Sistem pemerintahan di Simalungun dipimpin oleh seorang Raja, sebelum
pemberitaan Injil masuk Tuan Rajalah yang sangat berpengaruh. Orang Simalungun
menganggap bahwa anak Raja itulah Tuhan dan Raja itu sendiri adalah Allah yang
kelihatan.
Marga-Marga
Harungguan Bolon
Terdapat empat marga asli suku Simalungun yang populer dengan akronim
SISADAPUR, yaitu:
• Sinaga
• Saragih
• Damanik
• Purba
Keempat marga ini merupakan hasil dari “Harungguan Bolon” (permusyawaratan
besar) antara 4 raja besar untuk tidak saling menyerang dan tidak saling
bermusuhan (marsiurupan bani hasunsahan na legan, rup mangimbang munssuh).
Keempat raja itu adalah:
1. Raja Nagur bermarga Damanik
Damanik berarti Simada Manik (pemilik manik), dalam bahasa Simalungun, Manik
berarti Tonduy, Sumangat, Tunggung, Halanigan (bersemangat, berkharisma,
agung/terhormat, paling cerdas).
Raja ini berasal dari kaum bangsawan India Selatan dari Kerajaan Nagore. Pada
abad ke-12, keturunan raja Nagur ini mendapat serangan dari Raja Rajendra Chola
dari India, yang mengakibatkan terusirnya mereka dari Pamatang Nagur di daerah
Pulau Pandan hingga terbagi menjadi 3 bagian sesuai dengan jumlah puteranya:
• Marah Silau (yang menurunkan Raja Manik Hasian, Raja Jumorlang, Raja Sipolha,
Raja Siantar, Tuan Raja Sidamanik dan Tuan Raja Bandar)
• Soro Tilu (yang menurunkan marga raja Nagur di sekitar gunung Simbolon: Damanik
Nagur, Bayu, Hajangan, Rih, Malayu, Rappogos, Usang, Rih, Simaringga, Sarasan,
Sola)
• Timo Raya (yang menurunkan raja Bornou, Raja Ula dan keturunannya Damanik
Tomok)
Selain itu datang marga keturunan Silau Raja, Ambarita Raja, Gurning Raja,
Malau Raja, Limbong, Manik Raja yang berasal dari Pulau Samosir dan mengaku
Damanik di Simalungun.
2. Raja Banua Sobou bermarga Saragih
Saragih dalam bahasa Simalungun berarti Simada Ragih, yang mana Ragih berarti
atur, susun, tata, sehingga simada ragih berarti Pemilik aturan atau pengatur,
penyusun atau pemegang undang-undang.
Keturunannya adalah:
• Saragih Garingging yang pernah merantau ke Ajinembah dan kembali ke Raya.

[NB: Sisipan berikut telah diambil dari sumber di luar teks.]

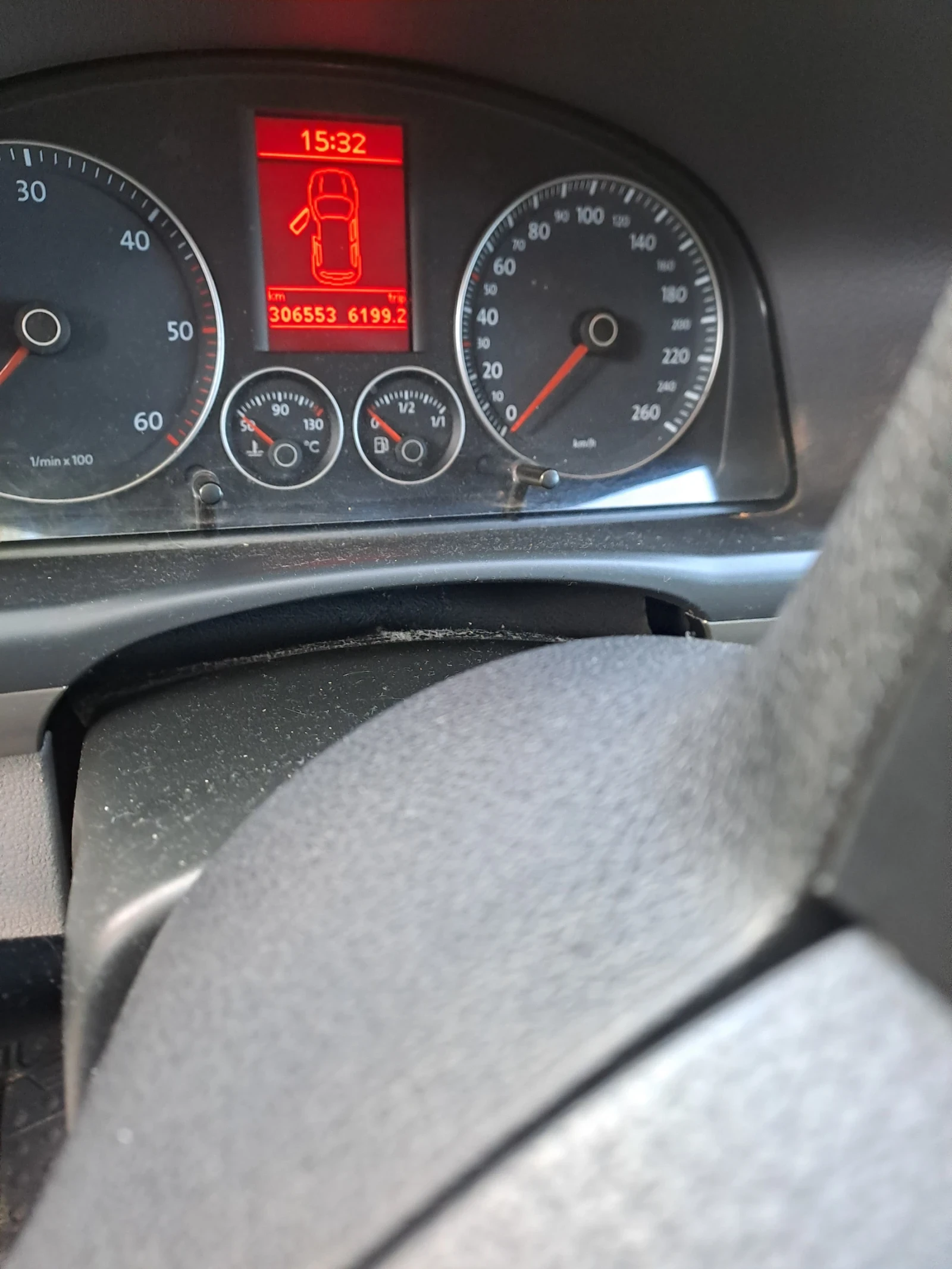 VW Touran, снимка 9 - Автомобили и джипове - 56747422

• Saragih Sumbayak keturunan Tuan Raya Tongah, Pamajuhi, dan Bona ni Gonrang.
Saragih Garingging kemudian pecah menjadi 2, yaitu:
• Dasalak, menjadi raja di Padang Badagei
• Dajawak, merantau ke Rakutbesi dan Tanah Karo dan menjadi marga Ginting
Jawak.
Walaupun jelas terlihat bahwa hanya ada 2 keturunan Raja Banua Sobou, pada
zaman Tuan Rondahaim terdapat beberapa marga yang mengaku dirinya sebagai
bagian dari Saragih (berafiliasi), yaitu: Turnip, Sidauruk, Simarmata,
Sitanggang, Munthe, Sijabat, Sidabalok, Sidabukke, Simanihuruk.
Ada satu lagi marga yang mengaku sebagai bagian dari Saragih yaitu Pardalan
Tapian, marga ini berasal dari daerah Samosir.